This project did not start out looking like this.
It began as a 30-line app.py printing answers in a local terminal. It took three weeks to grow into five files plus a FastAPI server — and every step landed on a concrete “stuck” signal.
What this piece walks through: those three weeks — when to stop at the minimum version, when to push forward, which abstractions to leave for later.
1. The three things to do first
Not writing code. Deciding the project structure first.
First: pick a home for the project. An LLM program is not a SaaS product — it is a library you run on your machine, in Docker, or on a VPS. Once the project path is fixed, the .env, .git and venv all grow around that directory.
Second: stand up a Python virtual environment. python3 -m venv .venv then source .venv/bin/activate. This step is not boilerplate you can skip — by the third week, when you have installed llama-index, a HuggingFace embedding, FastAPI and a Qdrant client, package versions will start fighting each other and you will be deleting __pycache__ directories trying to fix it.
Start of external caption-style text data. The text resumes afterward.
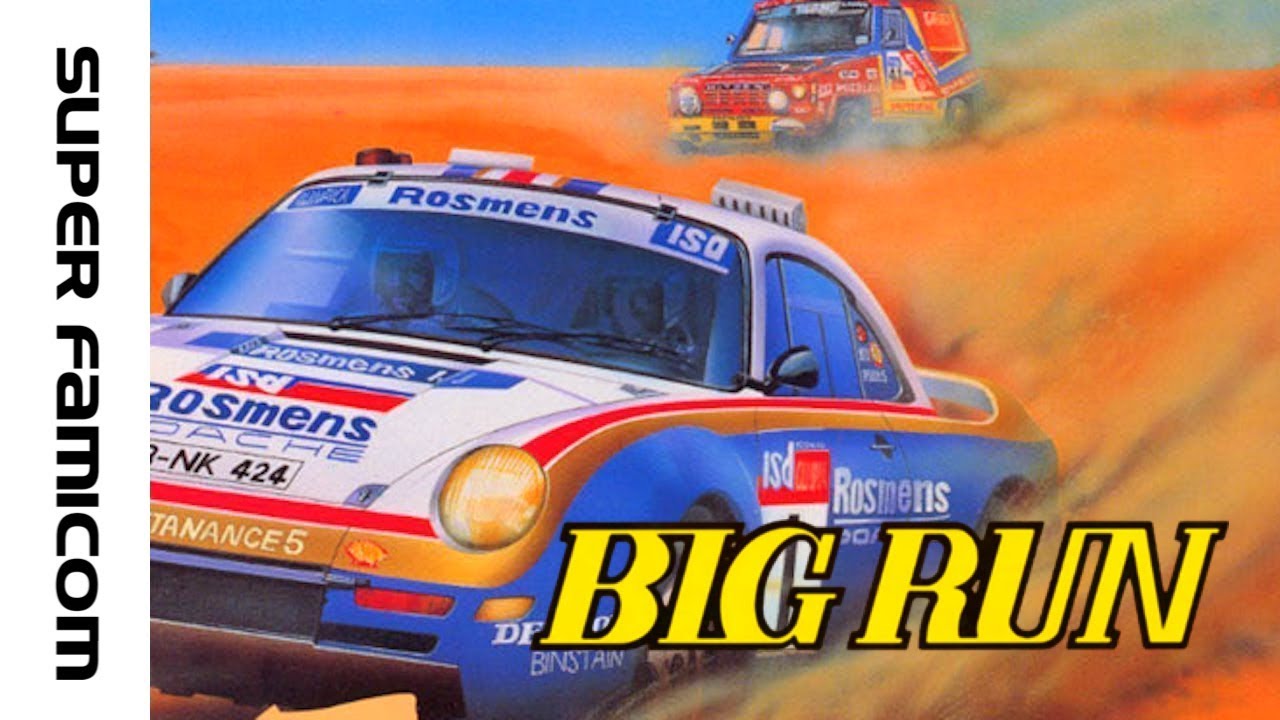 Test : BIG RUN sur SUPER FAMICOM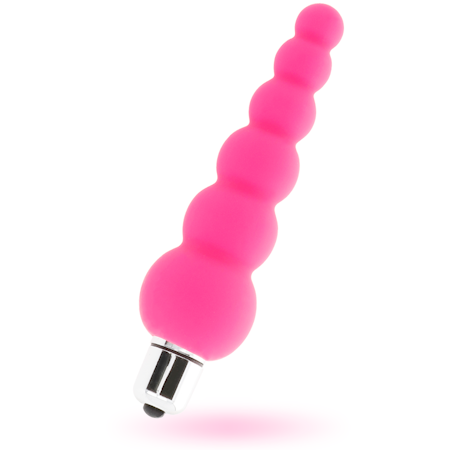 Intense Snoopy 7 Hastigheter Silikon Vibrator Rosa för Anpassningsbar och Ljuv Njutning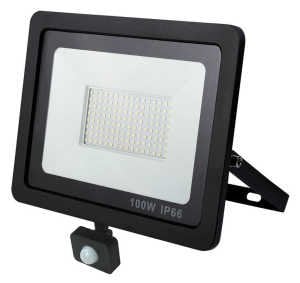 Jupiter 6500K Beyaz Işık 100W Sensörlü Led Projektör LP101 B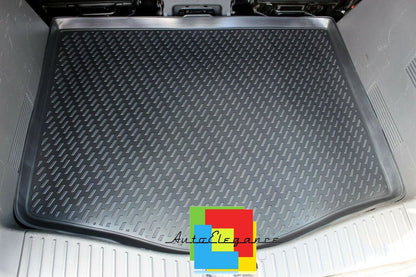 TRUNK LINER RUBBER CARPET SUPERGRIP FORD C-MAX 2002-2010 -AT-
Third: write .gitignore correctly. .env (the API key), .venv/ (the virtual environment) and __pycache__/ (the compiled cache) must not be committed. Skip this on the first commit and the day the PR review lands, you will see the API key sitting in the GitHub commit history. By then you are rotating keys, scrubbing git history and cleaning up every fork’s local clone — that whole cleanup arc is a week-long nightmare.
The concrete five steps look like this:
# Step 1: create the project directory and enter it
mkdir llamaindex-lab && cd llamaindex-lab
# Step 2: stand up the Python virtual environment and activate it
python3 -m venv .venv
source .venv/bin/activate
# Windows: .venv\Scripts\activate
# Step 3: install packages
pip install llama-index python-dotenv
# Step 4: create the directory structure and the .env file
mkdir data
touch .env
echo "MINIMAX_API_KEY=sk-xxxxxxxx" > .env
# Step 5: write .gitignore (do not commit API key, venv or cache)
cat > .gitignore << 'EOF'
.env
.venv/
__pycache__/
*.pyc
data/.ipynb_checkpoints/
EOF
None of these five steps is writing code. Skip them and you will be backfilling for the next 30 days.
2. The five files a minimum RAG needs
The first lesson’s only goal: get RAG running.
llamaindex-lab/
├── data/
│ └── notes.txt ← one example document
├── app.py ← the main script
├── .env ← the API key
├── .venv/ ← the Python virtual environment
└── .gitignore ← keep env vars and cache out of git
A complete app.py (with LLM and embedding settings):
import os
from dotenv import load_dotenv
from llama_index.core import VectorStoreIndex, SimpleDirectoryReader, Settings
from llama_index.llms.openai_like import OpenAILike
from llama_index.embeddings.huggingface import HuggingFaceEmbedding
load_dotenv()
# LLM settings (OpenAI-compatible endpoint pointing at MiniMax-M2.7)
Settings.llm = OpenAILike(
model="MiniMax-M2.7",
api_key=os.getenv("MINIMAX_API_KEY"),
api_base="https://api.minimax.io/v1",
is_chat_model=True,
context_window=128000,
)
# Embedding settings (local HuggingFace BGE, sidesteps OpenAI dimension mismatch)
Settings.embed_model = HuggingFaceEmbedding(
model_name="BAAI/bge-small-en-v1.5",
cache_folder="./.cache/huggingface",
)
# Load documents → build index → build query engine
documents = SimpleDirectoryReader("data").load_data()
index = VectorStoreIndex.from_documents(documents)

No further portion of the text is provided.